A dúvida sobre retirar ou não o dente do siso é comum e costuma surgir quando aparecem dor, inchaço ou dificuldade de higienização. Os sisos, também chamados de terceiros molares, geralmente nascem no final da adolescência ou início da vida adulta. Em alguns casos, eles se desenvolvem sem causar problemas. Em outros, podem gerar desconfortos e riscos à saúde bucal.
A decisão de extrair um siso não é automática. Ela depende da posição do dente, do espaço disponível na arcada, da higiene possível e da presença ou não de sintomas. Por isso, entender os cenários mais comuns ajuda a tomar decisões mais conscientes.

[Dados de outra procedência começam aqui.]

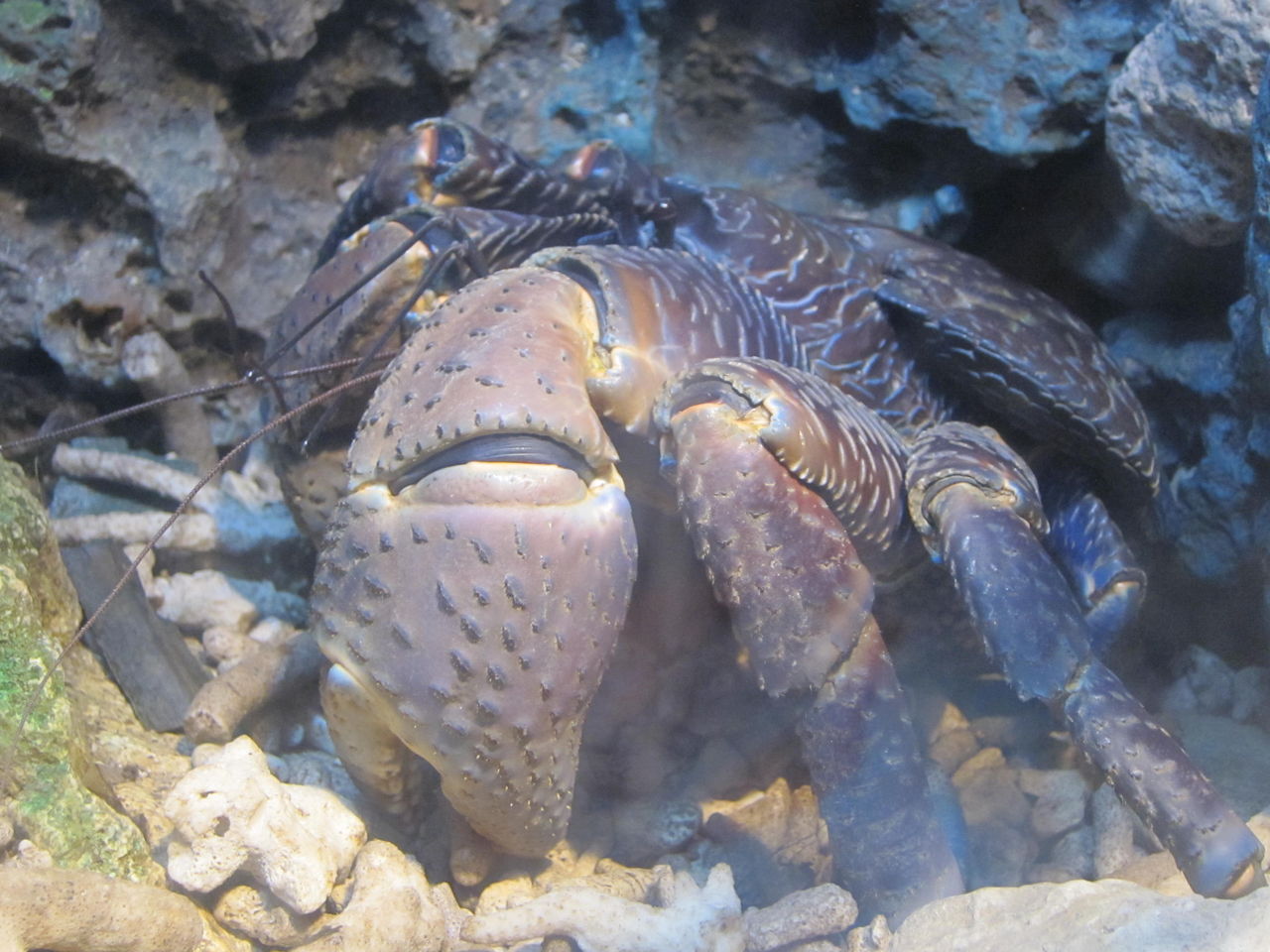16 7 15 沖縄旅行3日目その2 ちゅら海水族館 Maimoな生活 16 7 15 沖縄旅行3日目その2 ちゅら海水族館 Maimoな生活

Quando a retirada do siso costuma ser necessária
A extração é geralmente indicada quando o siso nasce incluso ou parcialmente incluso, ou seja, quando não consegue romper totalmente a gengiva. Nesses casos, restos de alimentos e bactérias tendem a se acumular na região, favorecendo inflamações conhecidas como pericoronarite.
Outro motivo frequente é a falta de espaço na arcada dentária. Quando o siso empurra os dentes vizinhos, pode causar dor, desalinhamento e até prejudicar tratamentos ortodônticos já realizados. Também há indicação de retirada quando o dente apresenta cáries extensas, dificuldade de limpeza ou risco de infecção recorrente.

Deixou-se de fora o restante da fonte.